Thursday, March 8, 2012

Amin-Ismie-Benny

Dan akhirnya..
Berujung pada perpisahan juga.

Terkesan menggelikan ya? Jika belum apa-apa, saya sudah mengawali wacana ini dengan kata "akhirnya". Tapi jika saja kalian tahu sejarah perjalanan love story saya, mungkin tak perlu begitu mengernyitkan dahi. Karena makna "akhirnya" ini (bisa jadi) justru babak awal perjalanan saya lainnya.

Untuk orang yang mengenal saya, kemungkinan memahami atau bahkan menyaksikan, betapa saya dan Emyan, lelaki yang lebih dari lima tahun menjadi "paket komplit" dalam hidup saya, telah melalui proses hubungan yang begitu melelahkan.

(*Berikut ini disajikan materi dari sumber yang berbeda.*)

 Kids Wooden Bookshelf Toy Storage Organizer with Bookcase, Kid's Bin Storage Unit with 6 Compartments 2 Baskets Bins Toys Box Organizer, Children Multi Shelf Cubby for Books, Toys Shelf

Saya senang menyebutnya dengan "paket komplit". Karena jangka waktu lima tahun lebih dari cukup untuk menjadikan Emyan, tidak hanya sebagai kekasih unya-unyu, yang kepadanya saya bisa berharap setangkai bunga mawar segar, janji setia abadi di atas pelaminan dan semacamnya. Bagi saya, lima tahun kami, mampu menjadikan Emyan menjelma menjadi sahabat, kakak laki-laki bahkan musuh terbesar saya. That's why i called him, my complete stuff!

Tetapi, apa yang bisa diduga di dunia yang semua kuasa bergantung pada Sang Kreator Sempurna. Lima tahun pun tak mampu menjamin apapun bagi hubungan kami. Tepat satu minggu sebelum saya dan Emyan memasuki tahun kami yang ke-enam, kesepakatan untuk menyudahi 'kelimatahunan' kami pun menjadi pilihan terbaik saat itu.

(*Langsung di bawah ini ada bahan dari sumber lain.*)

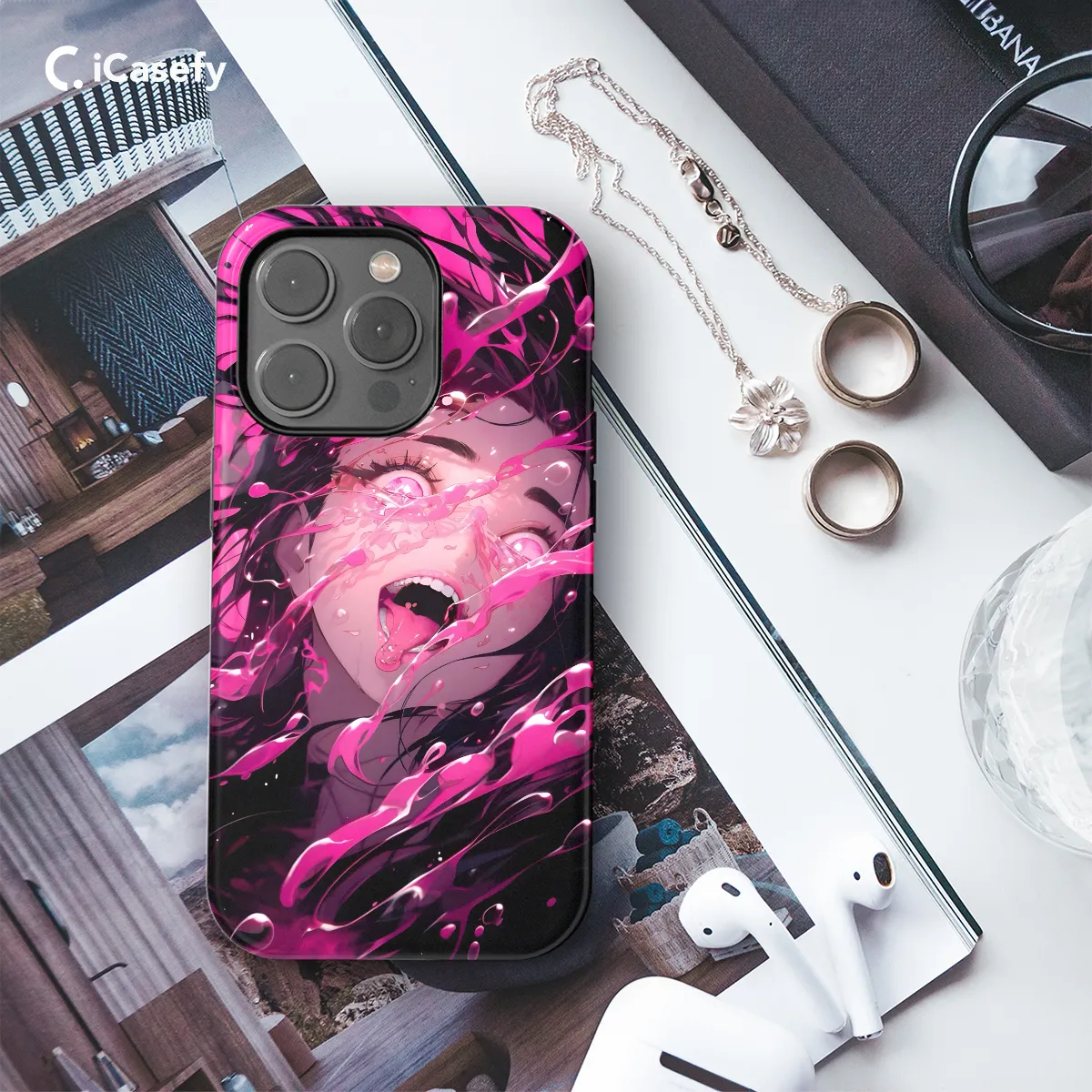 Anime Pink Girl Phone Case iPhone Samsung Cover Pixel 631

Terus terang, atas alasan apapun. Saya tak begitu tertarik membahas terlalu dalam, apa dan mengapa 'kelimatahunan' ini harus berakhir. Mungkin jika suatu saat kalian beruntung bertemu saya, akan saya ceritakan detail persisnya.

Saya lebih tertarik mengungkit siapakah orang-orang di balik layar, yang menurut saya begitu berjasa. Orang-orang yang membuat saya tak terlalru larut mengharu-biru atas kehilangan 'paket komplit' tadi.

Tak sedikit orang yang terasa begitu bersimpati atas keputusan saya dan Emyan. Mereka seperti Haqqul-Yaqin kalau saya begitu terpukul dengan kejadian itu. Kalimat-kalimat "bela sungkawa" yang ditujukan pada saya pun mengalir deras.

" Ah? Gila.. Masa sih elo putus? elo berdua kan unbreakable gitu, pasti elo sedih banget ya, Vin. sabar ya sayang"

"Ya Ampuunn.. i'm sorry to hear that! Gw sedih deh dengernya, apalagi elo ya? Sabar ya Beb.. *peluk-pelukVina*!"

"HAH! Bukannya elo berdua mau merit ya tahun ini? Haduhh.. yang sabar ya!"

Bla..bla..bla..bla..

Well, biar bagaimanapun saya berterima-kasih dengan semua kalimat "bela sungkawa" tadi. Setidaknya mereka mengucapkan semua itu tidak dengan gaya khas om Mario Teguh atau dengan se-buket karangan bunga dengan tittle "Turut Berduka Cita". Tapi biar lah prasangka-prasangka bahwa saya merupakan objek penderita menari dalam kepala mereka. Meski pengen banget rasanya, saya teriak dihadapan mereka, " HEY I LITERALLY OKEY! DON'T RUIN MY "OKEY" WITH YOUR CONDOLENCE WORDS." Kata-kata haru-biru yang justru memberikan peluang bagi saya untuk menangisi keadaan. THE BIG H-E-L-L NO!

Di saat sebagian orang ribut dengan kalimat bela-sungkawa tadi. Beberepa orang justru datang dengan mantra penguatnya. Orang-orang yang kemudian bagaikan "vitamin" untuk saya, yang jika tidak meminumnya, saya lemas.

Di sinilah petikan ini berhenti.